> **Task data**:
==============================

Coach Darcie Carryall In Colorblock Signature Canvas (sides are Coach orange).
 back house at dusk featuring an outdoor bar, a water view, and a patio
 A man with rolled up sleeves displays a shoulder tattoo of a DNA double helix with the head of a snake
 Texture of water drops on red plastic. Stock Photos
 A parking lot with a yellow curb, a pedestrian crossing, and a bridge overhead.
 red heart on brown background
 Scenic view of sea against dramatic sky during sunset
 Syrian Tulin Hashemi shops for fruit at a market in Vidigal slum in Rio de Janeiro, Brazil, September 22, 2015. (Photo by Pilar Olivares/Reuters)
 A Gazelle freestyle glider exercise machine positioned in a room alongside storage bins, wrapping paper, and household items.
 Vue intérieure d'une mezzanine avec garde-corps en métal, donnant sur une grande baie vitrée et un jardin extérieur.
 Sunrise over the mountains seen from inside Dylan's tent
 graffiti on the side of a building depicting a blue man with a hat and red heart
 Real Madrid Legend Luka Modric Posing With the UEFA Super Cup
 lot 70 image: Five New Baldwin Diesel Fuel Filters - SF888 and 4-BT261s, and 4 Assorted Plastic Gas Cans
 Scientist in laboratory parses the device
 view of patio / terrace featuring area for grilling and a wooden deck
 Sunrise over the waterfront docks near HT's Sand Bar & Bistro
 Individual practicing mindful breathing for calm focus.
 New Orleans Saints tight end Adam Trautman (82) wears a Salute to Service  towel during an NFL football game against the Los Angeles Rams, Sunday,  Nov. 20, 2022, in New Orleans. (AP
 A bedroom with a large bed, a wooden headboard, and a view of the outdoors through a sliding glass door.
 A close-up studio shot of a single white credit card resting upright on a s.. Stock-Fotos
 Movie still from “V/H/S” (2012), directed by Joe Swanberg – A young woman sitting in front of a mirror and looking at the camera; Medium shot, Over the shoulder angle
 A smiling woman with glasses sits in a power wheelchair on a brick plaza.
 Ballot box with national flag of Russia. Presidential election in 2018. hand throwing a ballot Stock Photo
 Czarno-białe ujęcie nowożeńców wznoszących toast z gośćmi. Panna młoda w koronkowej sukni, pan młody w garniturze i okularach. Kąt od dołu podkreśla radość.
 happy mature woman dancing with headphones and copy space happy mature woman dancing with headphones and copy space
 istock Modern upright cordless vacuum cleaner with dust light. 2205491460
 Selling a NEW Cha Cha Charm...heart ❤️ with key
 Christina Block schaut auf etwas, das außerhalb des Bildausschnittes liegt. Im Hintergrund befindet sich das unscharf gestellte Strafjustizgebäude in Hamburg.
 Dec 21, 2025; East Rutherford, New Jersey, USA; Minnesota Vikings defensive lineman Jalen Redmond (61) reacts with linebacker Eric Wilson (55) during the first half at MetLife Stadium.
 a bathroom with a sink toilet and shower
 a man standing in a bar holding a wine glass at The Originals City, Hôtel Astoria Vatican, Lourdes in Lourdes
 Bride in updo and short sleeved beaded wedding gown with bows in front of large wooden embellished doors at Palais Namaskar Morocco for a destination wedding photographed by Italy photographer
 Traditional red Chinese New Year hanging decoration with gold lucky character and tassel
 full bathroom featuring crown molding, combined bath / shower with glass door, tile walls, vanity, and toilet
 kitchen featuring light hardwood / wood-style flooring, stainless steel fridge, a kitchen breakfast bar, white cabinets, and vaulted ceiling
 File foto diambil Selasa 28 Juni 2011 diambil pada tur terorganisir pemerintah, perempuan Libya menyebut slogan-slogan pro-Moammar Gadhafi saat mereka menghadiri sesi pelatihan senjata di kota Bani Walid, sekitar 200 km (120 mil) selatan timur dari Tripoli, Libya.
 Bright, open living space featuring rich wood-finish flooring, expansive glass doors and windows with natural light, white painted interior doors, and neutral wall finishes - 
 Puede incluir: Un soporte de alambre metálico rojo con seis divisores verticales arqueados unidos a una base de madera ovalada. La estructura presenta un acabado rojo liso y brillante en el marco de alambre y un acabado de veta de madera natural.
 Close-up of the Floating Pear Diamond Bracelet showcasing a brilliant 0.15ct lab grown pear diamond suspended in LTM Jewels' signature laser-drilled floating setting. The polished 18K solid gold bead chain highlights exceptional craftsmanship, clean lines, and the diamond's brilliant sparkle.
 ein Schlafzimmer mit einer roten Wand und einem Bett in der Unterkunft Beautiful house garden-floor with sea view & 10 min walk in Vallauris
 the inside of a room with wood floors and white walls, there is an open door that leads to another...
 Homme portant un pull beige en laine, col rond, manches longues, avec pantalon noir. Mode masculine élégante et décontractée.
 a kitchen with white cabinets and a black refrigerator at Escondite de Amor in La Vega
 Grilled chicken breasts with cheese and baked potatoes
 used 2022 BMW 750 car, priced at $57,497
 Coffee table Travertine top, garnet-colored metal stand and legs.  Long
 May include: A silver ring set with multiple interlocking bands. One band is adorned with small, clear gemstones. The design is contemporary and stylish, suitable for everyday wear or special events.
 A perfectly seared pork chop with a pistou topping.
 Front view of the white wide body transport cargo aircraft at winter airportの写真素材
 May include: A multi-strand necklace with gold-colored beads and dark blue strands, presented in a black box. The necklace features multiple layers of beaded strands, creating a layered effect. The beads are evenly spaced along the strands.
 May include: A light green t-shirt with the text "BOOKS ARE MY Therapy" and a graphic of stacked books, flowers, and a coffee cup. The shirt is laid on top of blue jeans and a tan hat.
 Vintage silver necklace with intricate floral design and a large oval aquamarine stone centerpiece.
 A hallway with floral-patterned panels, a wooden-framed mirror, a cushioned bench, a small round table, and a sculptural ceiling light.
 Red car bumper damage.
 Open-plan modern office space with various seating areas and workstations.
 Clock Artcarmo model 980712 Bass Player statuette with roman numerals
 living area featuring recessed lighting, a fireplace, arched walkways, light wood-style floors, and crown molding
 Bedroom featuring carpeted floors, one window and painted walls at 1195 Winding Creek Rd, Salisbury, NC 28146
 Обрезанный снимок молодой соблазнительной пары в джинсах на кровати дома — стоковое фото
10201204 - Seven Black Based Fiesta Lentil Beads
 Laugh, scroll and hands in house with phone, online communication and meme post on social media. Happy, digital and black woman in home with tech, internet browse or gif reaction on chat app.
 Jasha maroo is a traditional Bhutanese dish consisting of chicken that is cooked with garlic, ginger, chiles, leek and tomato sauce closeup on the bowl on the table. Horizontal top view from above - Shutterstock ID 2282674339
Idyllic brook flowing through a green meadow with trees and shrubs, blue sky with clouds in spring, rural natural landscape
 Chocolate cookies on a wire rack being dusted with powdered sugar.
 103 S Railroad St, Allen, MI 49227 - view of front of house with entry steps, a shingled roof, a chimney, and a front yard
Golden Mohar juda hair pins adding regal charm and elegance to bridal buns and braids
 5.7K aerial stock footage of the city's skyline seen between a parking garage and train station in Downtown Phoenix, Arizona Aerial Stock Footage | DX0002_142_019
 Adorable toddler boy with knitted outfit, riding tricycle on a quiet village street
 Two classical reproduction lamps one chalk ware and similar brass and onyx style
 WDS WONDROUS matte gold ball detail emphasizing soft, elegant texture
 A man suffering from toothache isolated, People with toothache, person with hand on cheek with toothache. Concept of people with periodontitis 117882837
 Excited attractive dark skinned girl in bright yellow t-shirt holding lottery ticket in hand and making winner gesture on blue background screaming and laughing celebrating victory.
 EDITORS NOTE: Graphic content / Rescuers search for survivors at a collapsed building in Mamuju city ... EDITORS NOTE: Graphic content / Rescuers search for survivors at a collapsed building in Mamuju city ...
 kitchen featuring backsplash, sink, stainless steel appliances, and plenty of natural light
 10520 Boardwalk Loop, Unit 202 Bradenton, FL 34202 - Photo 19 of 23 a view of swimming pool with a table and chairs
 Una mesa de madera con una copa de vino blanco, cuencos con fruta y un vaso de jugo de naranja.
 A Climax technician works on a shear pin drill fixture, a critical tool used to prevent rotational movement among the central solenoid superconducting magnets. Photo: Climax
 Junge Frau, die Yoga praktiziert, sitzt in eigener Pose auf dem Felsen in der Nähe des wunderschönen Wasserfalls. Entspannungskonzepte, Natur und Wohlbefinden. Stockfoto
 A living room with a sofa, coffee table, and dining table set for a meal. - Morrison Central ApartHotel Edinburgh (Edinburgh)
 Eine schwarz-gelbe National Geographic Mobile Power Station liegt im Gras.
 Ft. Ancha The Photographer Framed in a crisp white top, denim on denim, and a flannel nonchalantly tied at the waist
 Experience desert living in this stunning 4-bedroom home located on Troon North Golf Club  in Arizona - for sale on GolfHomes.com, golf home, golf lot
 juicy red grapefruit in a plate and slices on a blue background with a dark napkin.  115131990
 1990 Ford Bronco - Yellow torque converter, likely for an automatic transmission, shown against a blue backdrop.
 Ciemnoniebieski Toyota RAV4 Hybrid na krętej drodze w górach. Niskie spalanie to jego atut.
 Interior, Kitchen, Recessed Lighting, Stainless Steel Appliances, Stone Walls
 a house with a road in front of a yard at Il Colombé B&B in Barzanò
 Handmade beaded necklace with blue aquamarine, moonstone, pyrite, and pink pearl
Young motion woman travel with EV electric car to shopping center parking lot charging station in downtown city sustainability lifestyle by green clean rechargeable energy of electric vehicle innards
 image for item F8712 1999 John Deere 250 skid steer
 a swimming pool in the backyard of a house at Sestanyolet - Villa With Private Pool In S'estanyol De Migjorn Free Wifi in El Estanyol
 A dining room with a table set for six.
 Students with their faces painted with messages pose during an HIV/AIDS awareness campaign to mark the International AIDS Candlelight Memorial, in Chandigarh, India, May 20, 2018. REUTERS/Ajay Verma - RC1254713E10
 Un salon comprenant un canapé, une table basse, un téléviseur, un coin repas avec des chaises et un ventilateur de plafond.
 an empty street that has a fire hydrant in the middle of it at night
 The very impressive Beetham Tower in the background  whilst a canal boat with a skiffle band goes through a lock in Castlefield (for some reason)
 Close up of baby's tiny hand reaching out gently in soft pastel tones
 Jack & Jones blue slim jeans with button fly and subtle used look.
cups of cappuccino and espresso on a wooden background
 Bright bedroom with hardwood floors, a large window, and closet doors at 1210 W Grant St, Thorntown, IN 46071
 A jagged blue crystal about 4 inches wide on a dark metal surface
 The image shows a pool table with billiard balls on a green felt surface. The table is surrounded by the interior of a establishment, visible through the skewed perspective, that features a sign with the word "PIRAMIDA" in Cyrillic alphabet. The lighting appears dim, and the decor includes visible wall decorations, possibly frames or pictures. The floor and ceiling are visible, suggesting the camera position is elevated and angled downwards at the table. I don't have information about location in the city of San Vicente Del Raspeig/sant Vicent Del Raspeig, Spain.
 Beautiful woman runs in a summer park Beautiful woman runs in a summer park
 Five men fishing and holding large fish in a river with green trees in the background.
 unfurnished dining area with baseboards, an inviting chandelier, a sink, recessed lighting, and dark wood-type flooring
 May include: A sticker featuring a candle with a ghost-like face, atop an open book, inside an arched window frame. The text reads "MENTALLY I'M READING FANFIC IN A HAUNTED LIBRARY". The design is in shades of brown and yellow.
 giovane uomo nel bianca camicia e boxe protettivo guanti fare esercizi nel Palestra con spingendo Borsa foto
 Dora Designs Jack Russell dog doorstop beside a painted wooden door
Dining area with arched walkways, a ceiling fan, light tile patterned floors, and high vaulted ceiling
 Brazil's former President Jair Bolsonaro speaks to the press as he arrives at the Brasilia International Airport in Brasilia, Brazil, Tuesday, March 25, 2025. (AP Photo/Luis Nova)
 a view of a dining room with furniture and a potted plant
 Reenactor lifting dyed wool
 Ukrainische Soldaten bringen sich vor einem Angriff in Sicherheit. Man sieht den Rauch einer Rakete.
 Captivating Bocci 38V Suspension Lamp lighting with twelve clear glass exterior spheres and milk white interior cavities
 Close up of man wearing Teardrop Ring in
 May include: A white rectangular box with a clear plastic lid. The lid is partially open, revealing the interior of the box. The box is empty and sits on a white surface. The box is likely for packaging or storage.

==============================

> **Work order**:
From the top of the listing above, restate each line word for word up to and including the line with "Sunrise over the mountains"; add nothing else.

> **Response**:
Coach Darcie Carryall In Colorblock Signature Canvas (sides are Coach orange).
 back house at dusk featuring an outdoor bar, a water view, and a patio
 A man with rolled up sleeves displays a shoulder tattoo of a DNA double helix with the head of a snake
 Texture of water drops on red plastic. Stock Photos
 A parking lot with a yellow curb, a pedestrian crossing, and a bridge overhead.
 red heart on brown background
 Scenic view of sea against dramatic sky during sunset
 Syrian Tulin Hashemi shops for fruit at a market in Vidigal slum in Rio de Janeiro, Brazil, September 22, 2015. (Photo by Pilar Olivares/Reuters)
 A Gazelle freestyle glider exercise machine positioned in a room alongside storage bins, wrapping paper, and household items.
 Vue intérieure d'une mezzanine avec garde-corps en métal, donnant sur une grande baie vitrée et un jardin extérieur.
 Sunrise over the mountains seen from inside Dylan's tent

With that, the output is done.